[Stored dataset items]
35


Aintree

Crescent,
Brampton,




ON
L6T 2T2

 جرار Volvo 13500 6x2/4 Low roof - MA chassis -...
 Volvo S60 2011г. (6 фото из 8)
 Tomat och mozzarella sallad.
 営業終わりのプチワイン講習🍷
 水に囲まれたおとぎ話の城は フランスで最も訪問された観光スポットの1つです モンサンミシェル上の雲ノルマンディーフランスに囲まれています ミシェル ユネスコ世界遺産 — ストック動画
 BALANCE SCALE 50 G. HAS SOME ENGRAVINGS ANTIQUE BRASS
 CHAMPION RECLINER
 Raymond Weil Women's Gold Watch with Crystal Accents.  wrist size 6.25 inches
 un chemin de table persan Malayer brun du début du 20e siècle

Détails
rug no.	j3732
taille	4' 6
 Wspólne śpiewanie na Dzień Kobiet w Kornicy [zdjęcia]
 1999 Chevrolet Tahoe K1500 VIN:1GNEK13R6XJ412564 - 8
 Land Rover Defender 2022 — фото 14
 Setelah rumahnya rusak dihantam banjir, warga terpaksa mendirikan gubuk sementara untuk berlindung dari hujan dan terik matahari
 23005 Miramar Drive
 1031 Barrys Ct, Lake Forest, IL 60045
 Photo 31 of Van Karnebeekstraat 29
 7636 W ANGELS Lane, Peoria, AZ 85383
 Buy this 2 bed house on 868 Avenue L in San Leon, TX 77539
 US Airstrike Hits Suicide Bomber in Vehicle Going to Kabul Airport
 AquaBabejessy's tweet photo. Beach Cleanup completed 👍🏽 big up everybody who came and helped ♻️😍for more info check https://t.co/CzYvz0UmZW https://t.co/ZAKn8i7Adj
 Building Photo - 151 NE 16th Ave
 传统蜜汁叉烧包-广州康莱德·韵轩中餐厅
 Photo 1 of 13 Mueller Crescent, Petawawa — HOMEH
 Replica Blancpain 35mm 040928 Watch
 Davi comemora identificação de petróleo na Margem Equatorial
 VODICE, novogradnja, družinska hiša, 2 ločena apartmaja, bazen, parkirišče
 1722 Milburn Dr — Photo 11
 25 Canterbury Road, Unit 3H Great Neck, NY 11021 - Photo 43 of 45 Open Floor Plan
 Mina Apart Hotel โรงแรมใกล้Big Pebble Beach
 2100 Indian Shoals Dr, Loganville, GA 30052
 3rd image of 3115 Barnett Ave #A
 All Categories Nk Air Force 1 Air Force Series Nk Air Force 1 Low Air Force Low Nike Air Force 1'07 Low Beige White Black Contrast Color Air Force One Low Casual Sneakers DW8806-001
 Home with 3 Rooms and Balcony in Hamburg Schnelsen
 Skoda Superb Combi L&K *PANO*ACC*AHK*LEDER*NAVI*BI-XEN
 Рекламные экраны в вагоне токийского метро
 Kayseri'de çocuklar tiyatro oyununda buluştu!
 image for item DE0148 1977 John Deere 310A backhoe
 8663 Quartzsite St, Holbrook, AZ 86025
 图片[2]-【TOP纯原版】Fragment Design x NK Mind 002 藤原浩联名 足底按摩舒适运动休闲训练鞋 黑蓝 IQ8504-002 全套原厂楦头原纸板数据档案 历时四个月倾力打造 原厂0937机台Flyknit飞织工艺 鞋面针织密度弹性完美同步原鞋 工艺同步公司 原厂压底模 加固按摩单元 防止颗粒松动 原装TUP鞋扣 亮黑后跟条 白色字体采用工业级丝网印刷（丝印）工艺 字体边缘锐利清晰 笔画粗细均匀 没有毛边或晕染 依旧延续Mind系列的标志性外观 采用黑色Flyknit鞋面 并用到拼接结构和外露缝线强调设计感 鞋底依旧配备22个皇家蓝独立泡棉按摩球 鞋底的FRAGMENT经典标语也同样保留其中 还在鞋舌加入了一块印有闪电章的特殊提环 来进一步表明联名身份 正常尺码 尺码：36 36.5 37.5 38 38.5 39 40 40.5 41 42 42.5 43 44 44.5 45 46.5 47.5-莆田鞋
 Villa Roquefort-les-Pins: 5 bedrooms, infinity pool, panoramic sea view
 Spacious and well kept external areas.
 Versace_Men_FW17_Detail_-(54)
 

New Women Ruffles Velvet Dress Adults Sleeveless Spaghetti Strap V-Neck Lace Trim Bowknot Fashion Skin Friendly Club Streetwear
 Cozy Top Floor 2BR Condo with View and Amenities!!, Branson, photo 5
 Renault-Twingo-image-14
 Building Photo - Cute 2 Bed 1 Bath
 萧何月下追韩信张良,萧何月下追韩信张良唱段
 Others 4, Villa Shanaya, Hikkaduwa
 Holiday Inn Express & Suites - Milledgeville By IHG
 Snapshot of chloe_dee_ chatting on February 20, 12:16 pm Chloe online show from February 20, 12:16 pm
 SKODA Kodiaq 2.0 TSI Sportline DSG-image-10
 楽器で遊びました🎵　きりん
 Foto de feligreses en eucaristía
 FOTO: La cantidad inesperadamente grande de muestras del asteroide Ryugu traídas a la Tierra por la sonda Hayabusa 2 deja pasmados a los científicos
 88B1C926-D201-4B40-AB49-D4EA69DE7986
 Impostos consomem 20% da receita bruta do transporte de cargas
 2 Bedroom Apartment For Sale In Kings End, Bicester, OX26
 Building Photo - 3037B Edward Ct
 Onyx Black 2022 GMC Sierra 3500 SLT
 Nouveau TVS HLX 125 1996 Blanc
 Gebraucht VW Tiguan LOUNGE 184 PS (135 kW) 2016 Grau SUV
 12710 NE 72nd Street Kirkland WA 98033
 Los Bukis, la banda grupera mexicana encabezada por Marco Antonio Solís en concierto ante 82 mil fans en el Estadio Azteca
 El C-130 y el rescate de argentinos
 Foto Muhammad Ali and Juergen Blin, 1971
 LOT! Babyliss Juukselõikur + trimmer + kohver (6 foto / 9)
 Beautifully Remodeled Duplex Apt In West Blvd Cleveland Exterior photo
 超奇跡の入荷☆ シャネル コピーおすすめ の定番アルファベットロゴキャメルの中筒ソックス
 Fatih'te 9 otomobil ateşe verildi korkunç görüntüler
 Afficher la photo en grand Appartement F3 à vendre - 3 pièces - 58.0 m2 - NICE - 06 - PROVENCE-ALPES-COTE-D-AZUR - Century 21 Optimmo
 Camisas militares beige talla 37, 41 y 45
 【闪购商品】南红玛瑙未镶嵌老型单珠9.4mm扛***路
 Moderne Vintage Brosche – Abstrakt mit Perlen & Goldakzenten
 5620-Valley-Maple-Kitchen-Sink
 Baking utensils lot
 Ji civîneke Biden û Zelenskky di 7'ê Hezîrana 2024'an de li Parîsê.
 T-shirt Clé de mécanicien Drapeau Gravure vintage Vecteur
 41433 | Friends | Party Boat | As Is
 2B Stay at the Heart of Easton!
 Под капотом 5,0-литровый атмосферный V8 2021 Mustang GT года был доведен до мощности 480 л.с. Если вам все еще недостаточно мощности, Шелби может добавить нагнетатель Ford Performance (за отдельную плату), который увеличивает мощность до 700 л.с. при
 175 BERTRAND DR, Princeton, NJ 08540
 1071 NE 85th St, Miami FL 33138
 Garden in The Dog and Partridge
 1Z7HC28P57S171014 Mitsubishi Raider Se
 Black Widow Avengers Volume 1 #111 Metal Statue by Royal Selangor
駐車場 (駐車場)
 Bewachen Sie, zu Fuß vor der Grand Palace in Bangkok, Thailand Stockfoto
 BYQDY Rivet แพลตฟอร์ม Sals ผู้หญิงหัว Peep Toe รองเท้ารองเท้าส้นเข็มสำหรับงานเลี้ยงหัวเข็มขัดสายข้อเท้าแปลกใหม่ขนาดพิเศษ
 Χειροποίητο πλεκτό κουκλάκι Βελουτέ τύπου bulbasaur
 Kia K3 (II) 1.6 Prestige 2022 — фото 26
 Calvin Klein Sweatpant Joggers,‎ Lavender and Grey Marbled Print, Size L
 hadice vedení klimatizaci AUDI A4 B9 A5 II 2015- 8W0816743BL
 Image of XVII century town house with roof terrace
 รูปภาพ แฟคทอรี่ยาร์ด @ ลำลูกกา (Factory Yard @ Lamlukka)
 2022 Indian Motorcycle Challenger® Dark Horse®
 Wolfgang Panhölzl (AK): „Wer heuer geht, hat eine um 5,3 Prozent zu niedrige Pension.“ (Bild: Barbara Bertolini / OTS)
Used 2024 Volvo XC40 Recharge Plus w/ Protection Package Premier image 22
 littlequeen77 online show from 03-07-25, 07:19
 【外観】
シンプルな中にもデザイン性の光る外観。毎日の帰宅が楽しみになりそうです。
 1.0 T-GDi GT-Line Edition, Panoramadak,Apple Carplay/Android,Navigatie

### What to work on:
Taking the entries above, print exactly the lines starting at the line with "Photo 31 of Van Karnebeekstraat 29" and ending at the line with "8663 Quartzsite St, Holbrook, AZ 86025", both included.

### Response below:
 Photo 31 of Van Karnebeekstraat 29
 7636 W ANGELS Lane, Peoria, AZ 85383
 Buy this 2 bed house on 868 Avenue L in San Leon, TX 77539
 US Airstrike Hits Suicide Bomber in Vehicle Going to Kabul Airport
 AquaBabejessy's tweet photo. Beach Cleanup completed 👍🏽 big up everybody who came and helped ♻️😍for more info check https://t.co/CzYvz0UmZW https://t.co/ZAKn8i7Adj
 Building Photo - 151 NE 16th Ave
 传统蜜汁叉烧包-广州康莱德·韵轩中餐厅
 Photo 1 of 13 Mueller Crescent, Petawawa — HOMEH
 Replica Blancpain 35mm 040928 Watch
 Davi comemora identificação de petróleo na Margem Equatorial
 VODICE, novogradnja, družinska hiša, 2 ločena apartmaja, bazen, parkirišče
 1722 Milburn Dr — Photo 11
 25 Canterbury Road, Unit 3H Great Neck, NY 11021 - Photo 43 of 45 Open Floor Plan
 Mina Apart Hotel โรงแรมใกล้Big Pebble Beach
 2100 Indian Shoals Dr, Loganville, GA 30052
 3rd image of 3115 Barnett Ave #A
 All Categories Nk Air Force 1 Air Force Series Nk Air Force 1 Low Air Force Low Nike Air Force 1'07 Low Beige White Black Contrast Color Air Force One Low Casual Sneakers DW8806-001
 Home with 3 Rooms and Balcony in Hamburg Schnelsen
 Skoda Superb Combi L&K *PANO*ACC*AHK*LEDER*NAVI*BI-XEN
 Рекламные экраны в вагоне токийского метро
 Kayseri'de çocuklar tiyatro oyununda buluştu!
 image for item DE0148 1977 John Deere 310A backhoe
 8663 Quartzsite St, Holbrook, AZ 86025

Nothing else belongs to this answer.